§ Source data:
----

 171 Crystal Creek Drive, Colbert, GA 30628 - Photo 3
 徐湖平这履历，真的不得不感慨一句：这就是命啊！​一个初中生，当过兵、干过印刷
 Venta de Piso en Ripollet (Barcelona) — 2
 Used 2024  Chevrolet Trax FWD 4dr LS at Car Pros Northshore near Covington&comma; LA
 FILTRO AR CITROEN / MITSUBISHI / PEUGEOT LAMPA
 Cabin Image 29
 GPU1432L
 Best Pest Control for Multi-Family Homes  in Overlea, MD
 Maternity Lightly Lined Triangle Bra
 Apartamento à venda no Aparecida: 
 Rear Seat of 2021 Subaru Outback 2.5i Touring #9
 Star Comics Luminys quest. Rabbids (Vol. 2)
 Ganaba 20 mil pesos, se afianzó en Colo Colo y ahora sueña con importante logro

----

§ Activity: Copy the line containing "Rear Seat of" and every line after it, through the last line of the records. Include nothing else.

§ Reply to the task:
 Rear Seat of 2021 Subaru Outback 2.5i Touring #9
 Star Comics Luminys quest. Rabbids (Vol. 2)
 Ganaba 20 mil pesos, se afianzó en Colo Colo y ahora sueña con importante logro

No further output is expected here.